After a restless night of fragmented dreams, he gave up and climbed out of bed Thursday morning an hour before his alarm clock would have blared. With the extra time, maybe he could stop at the Cielo Café bakery counter, pick up a few dozen bagels and muffins for the patrol team. But once he got behind the wheel of his SUV, he found himself driving in the wrong direction. Ten minutes later, he parked at the cemetery, not quite sure what he was doing there.

It had been a long time since he’d visited. Colin refused to come here, and Arden had been so busy with the pregnancy and the new baby.

Jamming his gloved hands in the pockets of his coat, Justin crunched across the layer of snow frosting the walkway. There was a stark beauty in how the rising sun illuminated the headstones. Parts of the cemetery were still in shadow, but other patches, beginning to catch the dawn, shone brilliantly. He tried to appreciate the sight rather than think about how row after row symbolized people who had once been loved and were now gone.

A grandfather he’d never known had purchased family plots here, but Justin had no intention of being buried.
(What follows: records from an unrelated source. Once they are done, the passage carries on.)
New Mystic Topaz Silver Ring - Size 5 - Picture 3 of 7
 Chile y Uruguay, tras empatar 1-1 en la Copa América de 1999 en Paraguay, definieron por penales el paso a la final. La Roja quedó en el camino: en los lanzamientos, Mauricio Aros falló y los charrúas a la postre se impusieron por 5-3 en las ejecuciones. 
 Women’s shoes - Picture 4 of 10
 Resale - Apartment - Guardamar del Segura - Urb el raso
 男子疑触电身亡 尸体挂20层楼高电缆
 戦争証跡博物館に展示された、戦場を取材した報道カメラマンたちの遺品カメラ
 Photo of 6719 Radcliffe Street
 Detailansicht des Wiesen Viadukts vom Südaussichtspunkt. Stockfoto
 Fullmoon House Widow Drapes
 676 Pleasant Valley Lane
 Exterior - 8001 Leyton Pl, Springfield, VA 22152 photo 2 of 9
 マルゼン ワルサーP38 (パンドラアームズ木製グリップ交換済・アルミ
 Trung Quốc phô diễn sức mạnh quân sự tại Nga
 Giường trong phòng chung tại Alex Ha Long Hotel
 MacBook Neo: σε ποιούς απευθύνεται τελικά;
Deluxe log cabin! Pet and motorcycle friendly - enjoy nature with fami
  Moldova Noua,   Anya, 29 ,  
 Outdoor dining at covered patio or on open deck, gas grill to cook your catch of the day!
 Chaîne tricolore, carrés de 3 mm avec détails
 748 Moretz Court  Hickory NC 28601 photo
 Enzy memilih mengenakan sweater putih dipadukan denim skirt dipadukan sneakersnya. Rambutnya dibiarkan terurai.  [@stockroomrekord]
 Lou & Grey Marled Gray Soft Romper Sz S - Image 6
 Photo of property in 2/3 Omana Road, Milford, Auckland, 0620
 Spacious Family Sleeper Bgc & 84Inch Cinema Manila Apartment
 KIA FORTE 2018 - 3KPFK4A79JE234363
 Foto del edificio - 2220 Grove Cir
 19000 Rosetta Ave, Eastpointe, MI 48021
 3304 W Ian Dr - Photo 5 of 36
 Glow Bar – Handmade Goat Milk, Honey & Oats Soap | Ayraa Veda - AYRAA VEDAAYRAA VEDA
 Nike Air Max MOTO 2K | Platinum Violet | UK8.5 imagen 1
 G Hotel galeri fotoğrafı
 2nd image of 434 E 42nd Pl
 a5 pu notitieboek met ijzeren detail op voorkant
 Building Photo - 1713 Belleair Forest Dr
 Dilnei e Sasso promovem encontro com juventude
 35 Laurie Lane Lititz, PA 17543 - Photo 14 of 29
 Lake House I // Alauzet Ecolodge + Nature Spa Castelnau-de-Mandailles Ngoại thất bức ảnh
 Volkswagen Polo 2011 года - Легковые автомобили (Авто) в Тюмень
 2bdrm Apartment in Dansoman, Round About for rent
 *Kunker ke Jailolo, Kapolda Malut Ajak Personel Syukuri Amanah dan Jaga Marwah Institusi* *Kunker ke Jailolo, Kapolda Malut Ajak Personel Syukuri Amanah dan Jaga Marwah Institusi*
He’d told Arden that when the time came, he wanted to be cremated, his ashes scattered on the wind. She’d made morbid jokes. “So even after you die, you refuse to settle down? Sounds about right.”

As he reached his parents’ joint marker, he suddenly felt sheepish, as if he’d tracked mud into his mother’s clean kitchen. “I should have brought flowers.” Something seasonal, like poinsettias. “I know you loved Christmas, Mom, but it hasn’t been the same since you died.”

That first year, his father had been too devastated to remember the holiday. If it weren’t for the gentle interference of their aunts, the Cade children wouldn’t have had anything to unwrap Christmas morning. Then they lost their dad, too. Throughout Justin’s adolescence, they’d occasionally accepted invitations to join well-meaning families in the community, but it was awkward, being the gloomy thundercloud that hung over someone else’s festivities. They got in the habit of staying home, where Colin microwaved dinner and the two brothers taught Arden how to play cards. That’s what the holiday season had become for Justin—rubbery lasagna and explaining blackjack to his sister.

Now, he survived November to January by hoping for good ski conditions and ignoring the hectic whirl of shopping, decorating and televised specials.

His mind slipped to the Donnellys. While he’d never been inside their house around Christmas, he imagined it was thoroughly decorated. After all, Mrs. Donnelly had gone to great efforts simply for his birthday—streamers and humorous miniposters, balloons on the mailbox and an elaborate home-cooked meal. They were a close-knit family who liked to celebrate together.

Yet Elisabeth was choosing to move away. Brushing his hand over the smooth, cold edge of his parents’ gravestone, he couldn’t help but wonder, did she have any idea what she was giving up?